It took him over a year, but finally, in the fall of 1927, after she’d sent all the delegates home, closed up Prangins for the winter and smuggled her trunks of diaphragms through customs, he wired her to say that the time had come. Stanley had undergone a radical transformation through analysis, his hatred of his tyrannical father and fear and mistrust of his emasculating mother out in the open, his misogyny examined from every perspective, his knowledge of himself and his phobias brought into line, and he was now ready, if not to take up ballroom dancing or reinvigorate the International Harvester Company, at least to entertain and comport himself as a gentleman with members of the opposite sex. He was ready. But Dr. Kempf—Edward, call me Edward—felt it only right that she, Katherine, should be the first woman in two decades her husband would lay eyes on — see, that is — and perhaps even, if conditions were right, touch.

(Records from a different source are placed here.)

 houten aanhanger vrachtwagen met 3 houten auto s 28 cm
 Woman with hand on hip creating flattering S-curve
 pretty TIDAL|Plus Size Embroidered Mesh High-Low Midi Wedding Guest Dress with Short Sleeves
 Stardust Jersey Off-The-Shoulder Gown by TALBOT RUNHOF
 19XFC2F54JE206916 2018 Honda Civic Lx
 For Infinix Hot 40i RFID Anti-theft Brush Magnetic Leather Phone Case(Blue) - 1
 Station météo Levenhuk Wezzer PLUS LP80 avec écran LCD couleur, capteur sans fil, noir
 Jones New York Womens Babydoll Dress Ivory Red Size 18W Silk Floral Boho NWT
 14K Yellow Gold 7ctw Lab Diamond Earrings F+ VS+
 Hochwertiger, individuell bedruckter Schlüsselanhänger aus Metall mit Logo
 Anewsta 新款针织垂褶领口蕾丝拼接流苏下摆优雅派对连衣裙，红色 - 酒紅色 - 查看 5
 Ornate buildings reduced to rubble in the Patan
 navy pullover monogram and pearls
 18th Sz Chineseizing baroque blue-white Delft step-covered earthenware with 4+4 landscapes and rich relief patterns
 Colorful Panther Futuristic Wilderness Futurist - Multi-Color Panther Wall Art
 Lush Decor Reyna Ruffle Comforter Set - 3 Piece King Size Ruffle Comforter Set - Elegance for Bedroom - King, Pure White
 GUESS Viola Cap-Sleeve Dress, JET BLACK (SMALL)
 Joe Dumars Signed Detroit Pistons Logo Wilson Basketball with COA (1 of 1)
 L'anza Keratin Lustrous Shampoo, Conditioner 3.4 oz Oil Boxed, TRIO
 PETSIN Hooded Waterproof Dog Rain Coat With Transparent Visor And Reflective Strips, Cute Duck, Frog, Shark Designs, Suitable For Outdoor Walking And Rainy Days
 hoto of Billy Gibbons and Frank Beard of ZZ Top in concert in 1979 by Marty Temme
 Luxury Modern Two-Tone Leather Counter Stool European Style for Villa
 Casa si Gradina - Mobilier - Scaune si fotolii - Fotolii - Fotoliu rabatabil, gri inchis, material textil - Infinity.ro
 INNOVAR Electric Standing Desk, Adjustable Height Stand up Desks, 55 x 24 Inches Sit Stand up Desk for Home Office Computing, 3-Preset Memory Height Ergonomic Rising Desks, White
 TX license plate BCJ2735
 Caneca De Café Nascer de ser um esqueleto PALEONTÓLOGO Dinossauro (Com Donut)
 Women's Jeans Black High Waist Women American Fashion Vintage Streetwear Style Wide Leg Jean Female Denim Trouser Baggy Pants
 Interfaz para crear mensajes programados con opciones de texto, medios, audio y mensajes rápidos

When she received Kempf’s telegram and then spoke with him via long distance, she was in Boston, at her mother‘s, seeing to the affairs that had piled up in her absence, and Jane had gone on to Philadelphia to look after her own concerns. Katherine called her that night with the news, and they arranged to leave for Santa Barbara two weeks hence — just after the Thanksgiving holiday. Katherine engaged a private car for the two of them and when the train made its Philadelphia stop Jane was there with her hair all aflame and her face opening like the petals of a flower. “I don’t believe it,” she said, once they were settled and she had an illicit drink and a cigarette in her hand and the station had begun to move and the tracks took them in a rush through the artificial canyons of the city. “Do you?”

Katherine gave her a wry look, took the cigarette from the embrasure of her fingers and drew deeply on it. “What choice do I have?” she said, exhaling.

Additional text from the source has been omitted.